For several years, while the City set to work putting more of a face on human services and elevating its public perception, his role was strictly contract management. But in that time he launched South County Housing and Outreach, which provides housing for women and children coming out of domestic violence.

He credits former Mayor Chuck Booth for beginning to lay a foundation and a framework out of the general fund and for administering federal funding. As a consequence, Hursh said, Auburn became a direct recipient of HUD money and community development block grants.

The combination of the two, he said, created a human services budget that in 2012 exceeds $1 million and is a significant source of resource for all the non profits and some of the social service agencies the City depends on to get good work done and to meet the immediate needs of many of its most vulnerable, at-risk, residents.

“So, human services has come to be both. Yes, it’s contractual management of the relationships that we have from a financial standpoint, but it’s more than that. It’s the staffing of the human services committee. It’s the maintenance of the relationships between the churches and the service clubs, the school district and the nonprofit agencies. That network of five is at the core of a lot of the positive results that are achieved in this community,” Hursh said.

He serves as chaplain for police and fire and the City.

He has the sort of job that can summon him any time of the day or night. He never complains.

“My life concern is the quality of life for the people who make up the community,” Hursh said. “Because this is not just a community, to me Auburn is my home, Auburn is my family. It is not a thing of interruption to serve when the need is the greatest. My church is 75,000 people, and the foyer of my church is the lobby of City Hall.”

Of course, he added with a laugh, caffeine helps.

“I have found that coffee is the mainstay of my life. I can depend on it, and its qualities are enhancing to my abilities,” Hursh said.

Hursh is a longtime member and past president of the Auburn Noon Kiwanis Club. He enjoys an honorary membership in a number of other service clubs. He emcees a number of events during the year, including his personal favorite, the Miss Auburn Scholarship program, where he’s been known to belt out a tune or two.

It shouldn’t surprise anybody that a guy so busy should be hard to find. Think of him as Auburn City Hall’s answer to that Heissenberg fellow and his crazy principle.

“To find Michael Hursh’s desk is not the same thing as finding Michael Hursh,” Mayor Pete Lewis once told a City Hall visitor looking for the mayor’s advisor.

Indeed.

“I will never be a person who manages or works from behind the desk,” Hursh said. “I’m a person who, because of the background that I have with my own family of origin and my extended family, is acquainted with need and with the plight of regular folks.

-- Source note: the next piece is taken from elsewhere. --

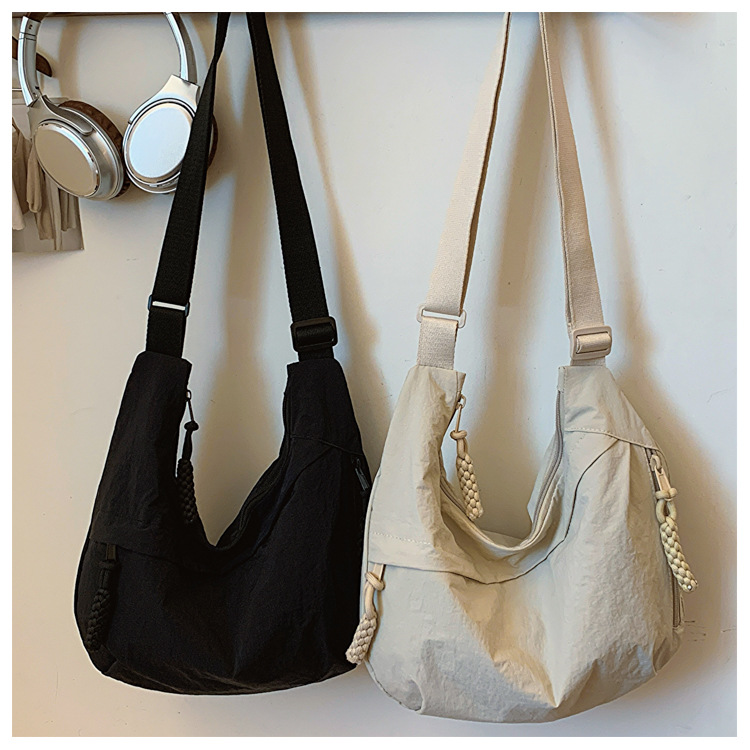 Borsa hobo in tela con nappe e tracolla larga regolabile_voghion.com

It’s probably an ongoing joke that it’s very difficult to find me at my desk.”

Faith, Hursh said, is the foundation of everything he does. He was a pastor for 10 years before his hiring by the City of Auburn.

“I’ve said this in different ways, and the best way I know to say it is that we all have a calling, and I have found a freedom of the expression of that calling in this place of life, more so than anything prior,” Hursh said. “There’s a willingness for the gospel work to be outside of the four walls and out in the marketplace, and I think that’s an interesting picture: Christ walking in the marketplace. What does that look like? How is life affected. And how do we approach transformation for Auburn as a community?”

Hursh grew up in Auburn, raised by a single mother and a sister 13 years his senior.

“They sacrificed so much for me,” Hursh said.

He is a single father to Emma, who turns 5 at the end of February, and is “the delight of my life.”